Diyarbakır Dicle Üniversitesinde (DÜ) Kültür Varlıklarını Koruma Uygulama Araştırma Merkezi tarafından "Afet Durumlarında İnsan-Kültür İlişkisinin Korunması ve Dünyadan Örnekler" konulu etkinlik düzenlendi.
Üniversitenin kültür ve kongre merkezinde gerçekleştirilen etkinliğe katılan Uluslararası Anıtlar Sitleri Konseyi Risklere Hazırlık Komitesi Genel Sekreteri (COMOS ICORP) Doç. Dr. Zeynep Gül Ünal, katılımcılara hitap etti.
Ünal, "Bizim için kültür mirası somut ve somut olmayan iki parçadan oluşur. Somut olan kültür mirasını, kültürümüzün ortaya çıktığı, ilerlediği dönemlerle ilgili yapılan elle tutulur tüm ürünler olarak tanımlayabiliriz. Bunlar genelde üç boyutlu değerler olarak mimari miras olarak karşımıza çıkarlar. Bir de somut olmayan kültür mirası değerlerimiz var ki bunlar da o bölgede konuşulan bir dil, ritüel, dans ya da el üretimi olabilir.
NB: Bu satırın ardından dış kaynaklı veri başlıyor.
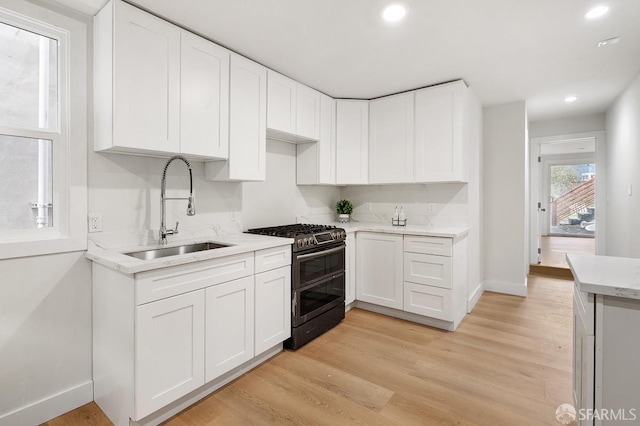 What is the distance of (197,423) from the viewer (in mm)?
1813

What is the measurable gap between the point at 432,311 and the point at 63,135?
3227mm

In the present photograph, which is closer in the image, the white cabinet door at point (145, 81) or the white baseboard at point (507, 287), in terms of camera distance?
the white cabinet door at point (145, 81)

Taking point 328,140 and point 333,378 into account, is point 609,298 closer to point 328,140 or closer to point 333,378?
point 333,378

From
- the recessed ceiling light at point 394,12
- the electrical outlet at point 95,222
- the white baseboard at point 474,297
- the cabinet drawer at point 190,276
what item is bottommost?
the white baseboard at point 474,297

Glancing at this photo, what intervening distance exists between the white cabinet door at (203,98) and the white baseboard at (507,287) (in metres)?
3.75

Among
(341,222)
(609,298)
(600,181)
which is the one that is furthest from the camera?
(600,181)

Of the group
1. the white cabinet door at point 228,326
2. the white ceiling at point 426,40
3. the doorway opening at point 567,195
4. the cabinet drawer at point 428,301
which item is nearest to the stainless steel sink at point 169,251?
the white cabinet door at point 228,326

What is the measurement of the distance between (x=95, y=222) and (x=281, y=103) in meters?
1.81

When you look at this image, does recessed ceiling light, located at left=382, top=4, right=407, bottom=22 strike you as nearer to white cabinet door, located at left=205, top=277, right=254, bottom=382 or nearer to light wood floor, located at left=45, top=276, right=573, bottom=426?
white cabinet door, located at left=205, top=277, right=254, bottom=382

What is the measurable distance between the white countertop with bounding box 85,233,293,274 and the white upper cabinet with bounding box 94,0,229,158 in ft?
2.13

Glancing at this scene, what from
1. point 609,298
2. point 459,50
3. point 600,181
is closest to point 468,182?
point 459,50

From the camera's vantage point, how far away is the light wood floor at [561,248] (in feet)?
18.5

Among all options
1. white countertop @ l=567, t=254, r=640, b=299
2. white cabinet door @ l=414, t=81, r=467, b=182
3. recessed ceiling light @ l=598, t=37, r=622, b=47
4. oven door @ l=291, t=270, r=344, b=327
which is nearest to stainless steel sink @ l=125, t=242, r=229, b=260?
oven door @ l=291, t=270, r=344, b=327

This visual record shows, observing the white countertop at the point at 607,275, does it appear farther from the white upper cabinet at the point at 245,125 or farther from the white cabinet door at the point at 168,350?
the white upper cabinet at the point at 245,125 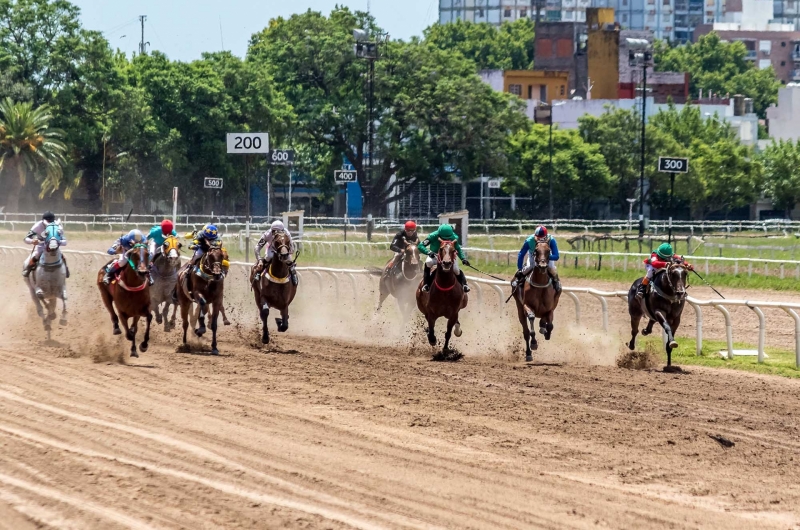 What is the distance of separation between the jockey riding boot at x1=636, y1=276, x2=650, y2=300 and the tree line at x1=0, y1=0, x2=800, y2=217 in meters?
45.6

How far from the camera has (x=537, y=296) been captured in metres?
16.5

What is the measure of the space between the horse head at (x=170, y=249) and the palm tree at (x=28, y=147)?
138ft

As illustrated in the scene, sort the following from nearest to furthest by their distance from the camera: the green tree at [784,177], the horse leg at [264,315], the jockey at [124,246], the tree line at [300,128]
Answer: the jockey at [124,246] < the horse leg at [264,315] < the tree line at [300,128] < the green tree at [784,177]

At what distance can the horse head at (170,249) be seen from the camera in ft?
59.2

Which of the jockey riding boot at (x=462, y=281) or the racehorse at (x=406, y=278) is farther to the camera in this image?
the racehorse at (x=406, y=278)

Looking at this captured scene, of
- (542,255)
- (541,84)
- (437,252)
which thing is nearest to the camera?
(542,255)

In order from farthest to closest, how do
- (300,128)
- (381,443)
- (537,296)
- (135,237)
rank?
1. (300,128)
2. (537,296)
3. (135,237)
4. (381,443)

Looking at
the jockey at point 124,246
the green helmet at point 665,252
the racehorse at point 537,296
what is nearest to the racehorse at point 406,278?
the racehorse at point 537,296

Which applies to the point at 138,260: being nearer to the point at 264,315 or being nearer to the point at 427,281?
the point at 264,315

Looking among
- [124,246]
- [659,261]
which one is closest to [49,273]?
[124,246]

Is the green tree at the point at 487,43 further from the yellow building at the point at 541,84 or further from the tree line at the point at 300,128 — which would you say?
the tree line at the point at 300,128

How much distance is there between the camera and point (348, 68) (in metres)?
67.6

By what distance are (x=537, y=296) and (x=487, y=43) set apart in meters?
130

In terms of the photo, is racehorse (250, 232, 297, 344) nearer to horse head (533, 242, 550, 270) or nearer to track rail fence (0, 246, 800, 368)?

Bunlar da somut olmayan kültür mirasını oluşturuyorlar. Bu ikisinin birlikteliği bir arada anılmasını gerektirdi." dedi.
"Kültür mirasının korunması bir kabuğun korunması gibi algılanmaya başlandı"
Somut olmayan kültür mirası terimini ilk olarak 2003 yılında duyduklarını belirten Ünal, şunları söyledi: "Çünkü o zamana kadar gelen çalışmalarda, özellikle ikinci dünya savaşından sonra yavaş yavaş kültür mirasının korunması bir kabuğun korunması gibi algılanmaya başlandı. Tarihi bir yapının, anıtın sadece taşının, metalinin, ahşabının korunması gibi bir koruma düşünüldü. Ama içinde yaşayan insanların o yapının içinde devam eden etkinliğin korunması, yavaş yavaş korumanın parçası olmaktan uzaklaşmaya başladı. Hangi tarihi yapının içinde insan nefesi olursa doğru bir koruma çalışması yapılabilir. O yüzden 2003 yılından sonra somut olmayan kültür mirasının altı çizilmeye başlandı. Dünya mirası içinde çok sayıda ritüel bu kayıt altına alındı."
"Bu süreci iyi yönetemezseniz sizi temsil eden varlıkları koruyamazsınız"
Kültür mirasının, somut olsa bile kendileri açısından kavranması gereken noktası olduğunu sözlerine ekleyen Ünal, "Kültür mirasının benimsenmesi ve özümsenmesi dediğimiz olay doğrudan bilinçlenmesini oluşturuyor. Bu süreci çok iyi yönetemezseniz sizi var eden, sizi temsil eden varlıkların ne olduğunu çok net tanımlayamazsınız. Onu korumanız da mümkün olmuyor. Somut olan bazı şeyler var ki bunların soyutlanması kavramları oluşturuyor. Soyut olan kavramların somutlaştırılması da simgeleri oluşturuyor. O yüzdendir ki çalıştığımız alanlarda yapıların üzerinde çok sayıda simgesel anlatım gördüğümüz zaman bazen bu yüzyılda çok fazla ifade etmeyen yapıların geçmiş zamanlarda çok önemli simgeler üzerinden varlığını anlattığını düşünebiliriz." ifadelerini kullandı.